Friday, February 27, 2009

How plausible is Q3 recovery?

Everyone invariably wants to believe that the Indian economy would on the recovery stage by 3rd quarter for 2009-10. However, in the current economic and political scenario this optimism has its own downside risks. Everyone wants to believe that the word recession has had its impact on India but not many realize that the worse is yet to come! We are yet to see the bottom, which we may witness in another 3-6 months.

Risk of a hung parliament in the next election (schedule of which could be announced within a week) leading to the political uncertainty and delays in policy responses could very well entrench the time to recovery path. The pre-poll survey by CNN-IBN predicts a Hung parliament in the coming Lok Sabha elections. The governing UPA is projected to get between 215 and 235 seats and the NDA to get 165 to 185 seats. Something which we witnessed last decade, in 1989, and 1996 elections when we saw 5 governments in 5 years (1989-1991: 2; 1996-1998:3), general elections being held at interval of one year rather than the five years (1989, 1991, 1992 and 1998, 1999).

Just the visualization of such a scenario sends jitters across the spine! No meaningful policy actions to counter the worsening economic scenario; coupled with political uncertainly; another round of elections could push us in long de-growth phase which we are yet to price in be it in the equity markets or other asset markets.

On the fiscal front, the deficit figure would be hovering in double digits for this and in the next fiscal. Recently, S&P changed it rating outlook on India from stable to negative in light of the worsening fiscal situation and reverting all the consolidation benefits of past several years. FRBM act have been kept on the book self for the time gathering dust and may not see the light of the day until the economy recovers from the doldrums!

On monetary policy front, market participants are betting at 100-150 bps rate cut by RBI। The recent GDP slowdown from earlier 9% to 5.3% in Dec quarter with expectation of further slowdown to below 4% in next two quarters could force to cut rates drastically, may be by over 200 bps in near term. We all believe that the monetary policy actions are more likely to bring India back on the growth trajectory faster than the fiscal stimulus packages being announced by the government straining its fiscal position severally. An estimate suggests that a 100 bps policy rate cut is better than the 200 bps indirect-tax rate cut. However, huge borrowing requirements of both the central and state governments would keep the pressure on the interest rates, despite monetary easing.

Corporate borrowing costs are unlikely to come off significantly under this scenario, straining both their BS and P&L। Dropping sales and increased cost has caught all the corporate on their wrong foot of expansionary mode.

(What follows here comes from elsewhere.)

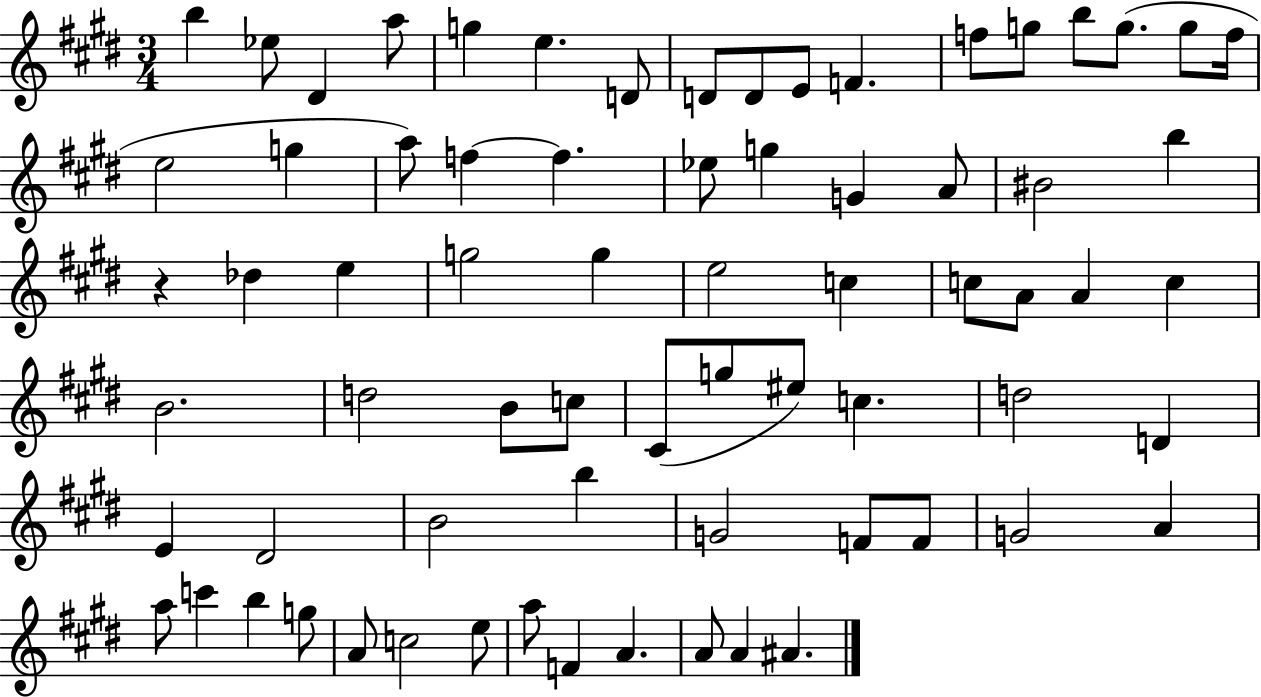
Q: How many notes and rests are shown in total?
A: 71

We are yet to witness large corporate defaults due to financial strains even in the highly strained sectors like automobiles, real estate, and metals. Recent downgrades of some of the major players in the sector by the rating agencies point towards the increased likelihood of such event in near future.

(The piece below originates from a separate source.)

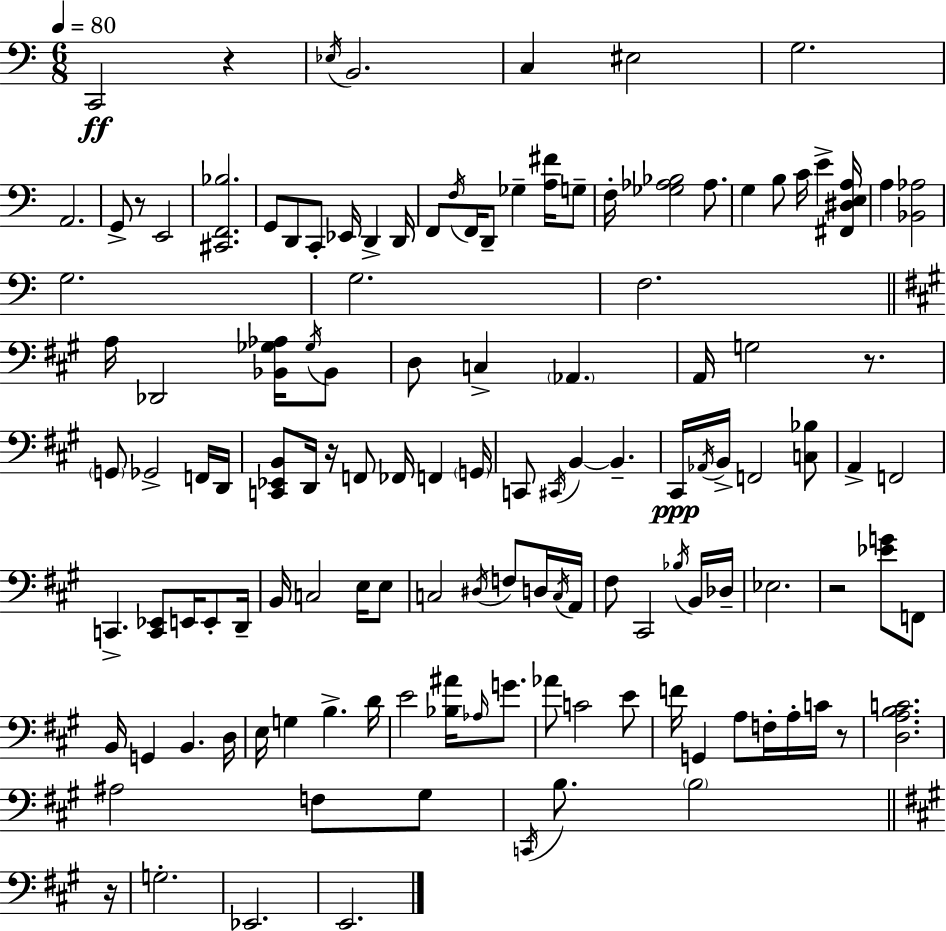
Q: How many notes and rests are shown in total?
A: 128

Tuesday, February 17, 2009

Just how much money is at stake in shares pledged by promoters?

SEBI in its recent directive in January mandated disclosures regarding pledge of shares by the promoter and persons forming part of the promoter group to the company and by the company to the stock exchanges where shares of the company are listed, post Satyam fiasco.

Ever since the companies started disclosing this information, market learned the degree of this financial engineering, which looks like and Indian version of western word’s CDO/MBS.

Majority of Indian companies have been pledging shares for more than two decades, if not longer. There are 114 companies where promoters have pledged more than 50% of their stake, and about 22 companies (about 5% of disclosing companies) have pledged more than 50% of their paid up shares. Promoters of 467 companies have pledged with lenders an average 23% of their holdings so far. At current market prices, the total value of pledged stocks is over Rs 62,000 crore. This is over 2% of Indian stock market’s market-cap of Rs 30.33 lakh crore.

Promoter’s pledged shares represents, on average 17.07% of paid up shares. As per the data available for 3,483 listed companies, Indian promoters hold 49.85% of paid-up shares of these companies as on Dec’08. Generalization of this to all listed entities, suggests whopping 258,107 crore[1]. Assuming 50% margin, the bank credit to these promoters could be pegged at Rs. 129,000 crore (about 5% of credit by entire banking system in the economy)!

What would happen if the equity prices continue in its downward trend, eventually forcing promoters (those who have pledged their almost entire stake in the company) to default leaving financial institutions no other choice than to off-load all the equity in the market? And if they choose to off-load these pledged shares in the market, its bound to cause havoc on the equity prices, set to crash by at least 20-30%, and eventually the losses financial institutions may have to bear could be well about 100,000 crore (about 25% of Scheduled commercial banks capital, reserves and surplus as on March’08).

The question in every investor’s mind is whether it is just a corporate governance issue or a much deeper financial problem looming its head? Is our banking system strong enough, as argued by almost everyone in past, to whether out such blow on their balance sheets? Are they capitalized well to survive?

[1] SEBI directive doesn’t ask mutual funds to disclose their pledged shareholding. Mutual funds are also expected to have pledged shares to the tune of Rs. 3,000 crore.